Tree Diseases In Houston

Tree Diseases In Houston

Posted on: June 26, 2015 by: | Comments Off on Tree Diseases In Houston

arborist in Houston

No area of the country is immune to tree diseases and this means that the trees on your Houston property are prone to various infestations and illnesses. Trees can be damaged by the environment, construction, pests, and disease. In many cases, people use the term disease to refer to both diseases and insect infestations as they can sometimes cause similar damage. The exact illnesses that affect trees will vary from location to location, but the following are some of the most common found in Houston and the surrounding areas of Texas.

Chlorosis

Chlorosis is a disease affecting Houston plants due to an iron deficiency. When the plant does not have access to enough iron, chlorophyll formation is hampered, making the leaves turn yellow. This can happen because the tree doesn’t have enough nutrients to access the iron or a lack of nitrogen or iron within the soil. You can treat this tree disease with a fertilizer containing high nitrogen levels.

Citrus Greening

Citrus greening affects citrus trees in particular and is considered the most destructive of all diseases that do so. It occurs due to a bacteria transmitted by psyllids, a type of insect. An arborist can diagnose your citrus trees with the issue and you can prevent them from contracting the tree disease in Houston by preventing psyllids with natural remedies or insecticides.

Gall

Gall occurs due to bacterial or insect damage to a tree. With this condition, the tree’s growth is affected by parasitic organisms which cause abnormal growths throughout the plants. The growths can be in the form of hard balls, fuzzy areas, or masses on twigs. Galls do not harm the trees as they are simply a part that looks unlike the rest. Because they are just another part of the plant, you cannot easily see results in treatment, even by targeting the specific bacteria, fungi, or insects.

Mildew

Most people will recognize mildew and this black substance can accumulate on the twigs and leaves. Along with mildew, you may notice whiteflies which secrete a substance containing sugar that encourage mildew to grow. Although mildew won’t damage your trees, it can be unattractive. You can take care of mildew by improving airflow by thinning out the tree’s limbs or using soapy water and/or horticultural oil repeatedly.

Oak Wilt

Oak wilt is due to a particular fungus that clogs vessels of a tree that are responsible for transporting water, leading to the tree wilting and dying within several weeks to months.
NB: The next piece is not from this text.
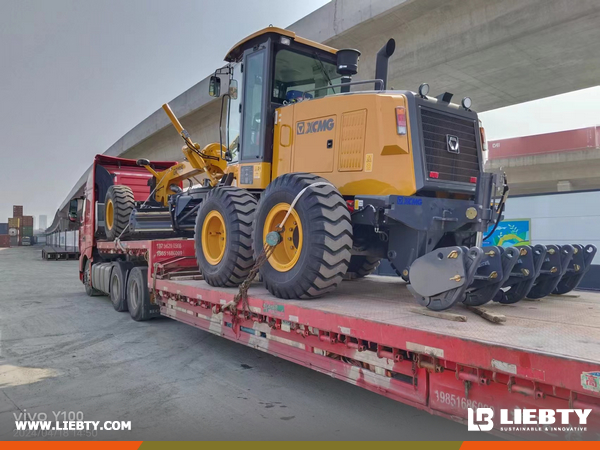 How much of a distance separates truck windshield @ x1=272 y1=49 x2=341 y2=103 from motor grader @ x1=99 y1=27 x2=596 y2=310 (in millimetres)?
17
The fungus can be spread by an insect or via root grafts when multiple oak trees are in close proximity. Houston residents should focus on preventing oak wilt by avoiding using unseasoned firewood that comes from areas where oak wilt is an issue. It is okay to use well-seasoned firewood as it will no longer pose a risk. You should also minimize the amount of pruning of your red and live oaks between February and June as this is when the fungal spores and beetles are most active, causing a potential increase in transmission of the disease. You can also try to prevent this from affecting your trees by planting a variety of species.

Scale

Scale is a type of insect that will infect tree limbs and twigs, sucking their sap. Because the insects gather underneath leathery coverings, it is hard for someone other than a trained arborist to identify this issue. It is also possible to find ants around a scale infection on your Houston tree since they will live off the secretions, unknowingly protecting scale. Scale is also sometimes associated with a fungus known as sooty mould. An arborist will suggest treating scale with soapy water or horticultural oil combined with thinning out the twigs and leaves to improve air flow.

Southern Pine Beetles

Southern pine beetles typically affect pine trees in a periodic fashion and can be fatal. Some signs of these beetles include whitish-yellow resin tunnels on the tree and reddish sawdust along the ground or crevices. After beetles infest a tree, they will complete their entire life cycle in the same plant, causing the needles to go from green to yellow to red-brown and the tree to die. In Houston forests, you can control southern pine beetles by controlled burns or thinning pine stands. At your home, however, you will need to rely on other methods such as pesticides.

Spider Mites

Spider mites are a type of tiny insect that feeds on the leaves of a tree and in the process sucks nutrients from its cells. The leaves that they attack will become speckled before dropping off. If the spider mites are not stopped, the tree can eventually die, but you can naturally take care of the problem by encouraging beetles, ladybugs, or other natural predators to reduce the number of mites.

Identifying Tree Disease

It is sometimes possible for an untrained homeowner to diagnose tree disease, but in most cases you will want to have an arborist evaluate your plants. They can determine exactly which disease or infestation your trees are suffering from, which ones are affected, and recommend a course of action, whether that means treatment or removal.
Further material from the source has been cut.